No es ésta la ocasión para un análisis comparativo de estas tres biografías, por lo que me limitaré a decir que la de Penella es excelente. Su pulso narrativo es magnífico y basta leer la evocación de la infancia de su protagonista en el Burgo de Osma, donde el siglo XX parecía no haber llegado todavía, para comprender que se trata de un libro que no se podrá dejar hasta la última página. Y su habilidad para entretejer la biografía de Ridruejo con la historia de España es más que notable. Quizá caiga un tanto en la hoy frecuente idealización de la Segunda República, pues me temo que la denuncia de los excesos izquierdistas que en la primavera de 1936 realizaron Gil Robles y Calvo Sotelo estaba más cerca de la verdad de lo que Penella parece creer. Pero no cabe duda de que es un gran conocedor de la historia de Falange, de la derecha española de los años treinta, del régimen de Franco y de la oposición moderada al mismo. En particular sabe mostrar cómo las raíces de la derecha autoritaria española y del régimen de Franco se hallan en el integrismo católico, de manera que las diferencias entre las Juventudes de la CEDA y Falange no excluían un fondo común que facilitó el trasvase masivo de las primeras a la segunda a partir de la primavera de 1936.



Fue en el internado de los jesuitas de Valladolid, en el que estudiaron también Onésimo Redondo y José Antonio Girón, donde el adolescente Ridruejo aprendió que el liberalismo, la democracia y el socialismo eran los maléficos productos de una conspiración judía internacional.
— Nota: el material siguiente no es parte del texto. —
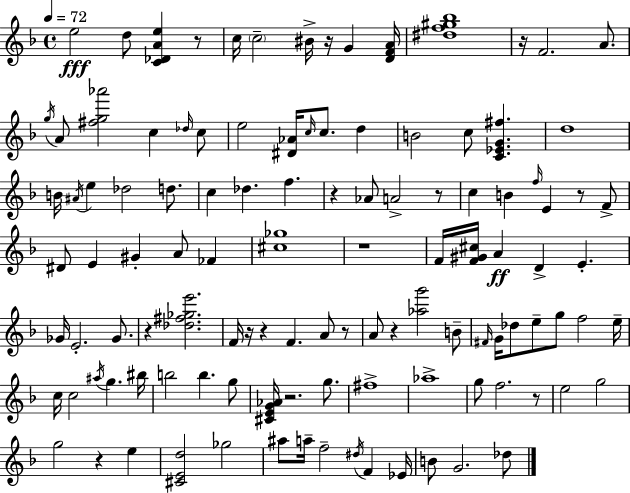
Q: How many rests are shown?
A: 15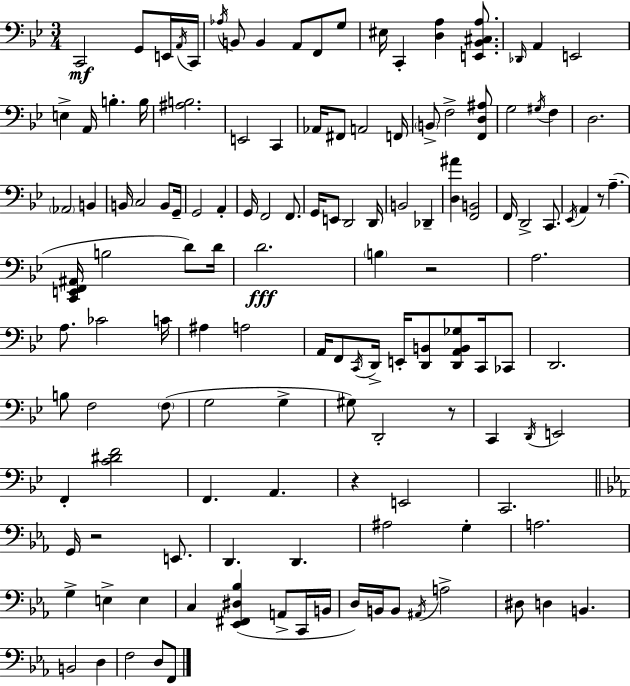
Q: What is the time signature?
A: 3/4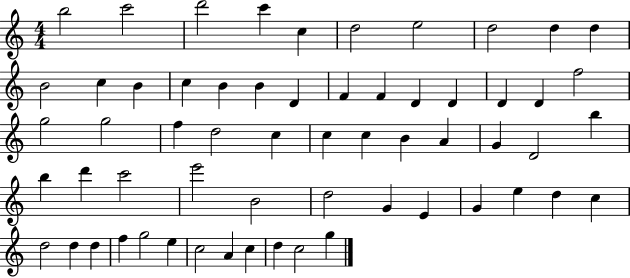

Aunque siguió siendo cristiano hasta el final, no se sintió sin embargo atraído por la derecha católica tradicional y, tras una breve etapa de simpatías republicanas que finalizó con la quema de conventos de 1931, se sintió fascinado por la personalidad carismática de José Antonio Primo de Rivera, quien era sin duda mucho más que un matón fascista, aunque ello no le exima de haber impulsado la violencia de Falange. Ridruejo creyó que el fascismo, a diferencia de la derecha tradicional, podría conducir no sólo a la grandeza de la patria sino a la justicia social. No vale la pena discutir si ese era el fascismo genuino, porque el camaleónico Mussolini no sólo era capaz de decir una cosa y luego la contraria, sino que se jactaba de que ello probaba la superioridad del dinamismo fascista sobre las anquilosadas ideologías anteriores. La de Ridruejo era sin embargo una lectura posible del fascismo, sobre todo si no se conocía demasiado la realidad italiana, pero acabada la guerra civil no tardó en comprender que el régimen de Franco no iba en esa dirección. Su entusiasmo fascista, el deseo de llevar su compromiso hasta el final y su hoy incomprensible admiración por Hitler le llevaron a la División Azul, donde demostró su heroísmo, bien es verdad que en las siniestras circunstancias de contribuir al asedio nazi de Leningrado, que causó innumerables víctimas por hambre.



Sus anotaciones de entonces muestran sin embargo su sensibilidad humana: antisemita convencido no dejó de sentir empatía hacia los judíos perseguidos: "ante estos pobres, temblorosos seres concretos, se hunde la razón de toda teoría". Sus convicciones fascistas no sufrieron por ello y fueron ellas las que, de regreso a España, le llevaron a romper con el régimen. Ello le valió varios años de confinamiento, no muy duros en verdad, porque Franco, feroz con los del bando opuesto, tenía cierta condescendencia con los del bando propio. Hay que admirar el estoicismo con que Ridruejo soportó durante años las persecuciones del régimen, pero hay que añadir que el trato que sufrió no llegó ni de lejos al que padecieron, no ya un Grimau, sino un Camacho. Como Moisés, Dionisio Ridruejo no llegó a la tierra prometida, no conoció la democracia por la que luchó durante los últimos años de su vida.



Murió unos meses antes que el dictador, cuya voluntad de anestesiar a los españoles denunció en unos versos brutales y certeros, al calificarle de "cebador de capones y capador de conciencias".